> Exercise details:
In how many lines of the data below does the word "Toyota" appear? Reply with the number and nothing more.
━━━ Excerpted data
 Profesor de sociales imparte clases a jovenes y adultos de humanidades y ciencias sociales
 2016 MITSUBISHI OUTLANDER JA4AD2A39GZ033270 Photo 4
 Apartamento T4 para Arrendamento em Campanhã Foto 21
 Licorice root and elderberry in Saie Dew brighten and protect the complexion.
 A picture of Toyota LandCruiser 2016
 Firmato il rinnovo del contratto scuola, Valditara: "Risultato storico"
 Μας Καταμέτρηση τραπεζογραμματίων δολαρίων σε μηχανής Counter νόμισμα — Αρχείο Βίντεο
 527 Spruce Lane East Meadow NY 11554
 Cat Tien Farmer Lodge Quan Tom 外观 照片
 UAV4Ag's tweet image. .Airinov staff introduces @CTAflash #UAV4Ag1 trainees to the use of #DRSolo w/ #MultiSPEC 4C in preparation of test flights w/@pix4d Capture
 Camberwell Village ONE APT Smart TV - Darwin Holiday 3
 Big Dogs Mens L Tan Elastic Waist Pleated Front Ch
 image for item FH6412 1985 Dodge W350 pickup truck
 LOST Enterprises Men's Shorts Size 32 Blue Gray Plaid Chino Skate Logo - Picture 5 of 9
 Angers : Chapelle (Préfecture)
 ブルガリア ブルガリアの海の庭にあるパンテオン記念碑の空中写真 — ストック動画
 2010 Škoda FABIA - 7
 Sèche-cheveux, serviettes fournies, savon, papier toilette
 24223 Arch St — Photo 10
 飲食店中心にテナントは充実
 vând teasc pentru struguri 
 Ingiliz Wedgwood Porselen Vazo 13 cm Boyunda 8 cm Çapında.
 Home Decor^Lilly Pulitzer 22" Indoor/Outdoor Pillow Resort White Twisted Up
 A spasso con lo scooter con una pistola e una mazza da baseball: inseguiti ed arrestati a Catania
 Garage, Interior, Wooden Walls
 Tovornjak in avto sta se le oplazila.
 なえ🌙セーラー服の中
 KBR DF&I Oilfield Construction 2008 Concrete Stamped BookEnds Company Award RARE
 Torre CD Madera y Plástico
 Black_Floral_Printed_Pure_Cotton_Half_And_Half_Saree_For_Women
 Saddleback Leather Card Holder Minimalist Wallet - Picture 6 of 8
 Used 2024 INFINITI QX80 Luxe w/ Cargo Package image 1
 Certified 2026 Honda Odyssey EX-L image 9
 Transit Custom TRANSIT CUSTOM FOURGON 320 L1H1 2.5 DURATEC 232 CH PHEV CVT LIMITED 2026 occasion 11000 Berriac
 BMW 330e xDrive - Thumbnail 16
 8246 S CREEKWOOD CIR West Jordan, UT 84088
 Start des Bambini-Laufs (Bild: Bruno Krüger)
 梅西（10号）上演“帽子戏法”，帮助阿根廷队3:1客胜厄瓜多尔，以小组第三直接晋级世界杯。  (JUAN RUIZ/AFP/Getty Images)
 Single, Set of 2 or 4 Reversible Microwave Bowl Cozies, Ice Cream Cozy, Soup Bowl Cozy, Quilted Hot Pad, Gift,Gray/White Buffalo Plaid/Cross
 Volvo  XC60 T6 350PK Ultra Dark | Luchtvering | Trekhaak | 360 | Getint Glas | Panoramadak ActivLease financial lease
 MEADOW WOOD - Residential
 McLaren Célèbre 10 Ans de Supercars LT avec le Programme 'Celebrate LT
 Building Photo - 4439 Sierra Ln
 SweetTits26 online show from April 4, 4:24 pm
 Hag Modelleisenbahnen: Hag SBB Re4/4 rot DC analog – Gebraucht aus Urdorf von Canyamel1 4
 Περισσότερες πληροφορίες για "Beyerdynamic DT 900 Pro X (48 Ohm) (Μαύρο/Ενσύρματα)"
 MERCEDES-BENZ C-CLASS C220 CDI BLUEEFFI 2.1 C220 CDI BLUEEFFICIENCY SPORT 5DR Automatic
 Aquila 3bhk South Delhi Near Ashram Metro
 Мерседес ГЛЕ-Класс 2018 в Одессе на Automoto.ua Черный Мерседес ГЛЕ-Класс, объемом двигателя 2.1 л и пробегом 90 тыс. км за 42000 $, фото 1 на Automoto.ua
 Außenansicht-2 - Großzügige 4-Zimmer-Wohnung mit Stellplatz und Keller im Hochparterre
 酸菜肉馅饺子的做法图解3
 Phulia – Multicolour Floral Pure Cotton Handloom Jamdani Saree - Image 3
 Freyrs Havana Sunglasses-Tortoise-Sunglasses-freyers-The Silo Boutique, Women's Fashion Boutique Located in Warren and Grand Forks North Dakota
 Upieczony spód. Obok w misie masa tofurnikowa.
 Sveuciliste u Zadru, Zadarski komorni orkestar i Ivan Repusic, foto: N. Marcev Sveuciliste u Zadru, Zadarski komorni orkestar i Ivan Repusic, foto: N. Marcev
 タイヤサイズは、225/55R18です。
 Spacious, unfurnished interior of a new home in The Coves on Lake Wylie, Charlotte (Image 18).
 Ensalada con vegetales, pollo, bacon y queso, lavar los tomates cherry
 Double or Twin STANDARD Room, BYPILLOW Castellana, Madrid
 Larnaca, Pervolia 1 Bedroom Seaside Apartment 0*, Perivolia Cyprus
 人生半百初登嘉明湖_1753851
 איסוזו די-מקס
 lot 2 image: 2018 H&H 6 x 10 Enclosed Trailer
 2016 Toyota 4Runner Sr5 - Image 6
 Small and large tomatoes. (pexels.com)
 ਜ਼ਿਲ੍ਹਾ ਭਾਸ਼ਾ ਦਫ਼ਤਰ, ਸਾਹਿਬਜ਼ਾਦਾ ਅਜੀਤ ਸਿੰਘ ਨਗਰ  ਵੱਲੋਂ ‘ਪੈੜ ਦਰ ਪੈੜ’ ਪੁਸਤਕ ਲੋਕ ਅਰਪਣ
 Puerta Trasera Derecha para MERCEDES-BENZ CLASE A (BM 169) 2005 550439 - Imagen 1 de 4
━━━━━━
> Finished exercise:
2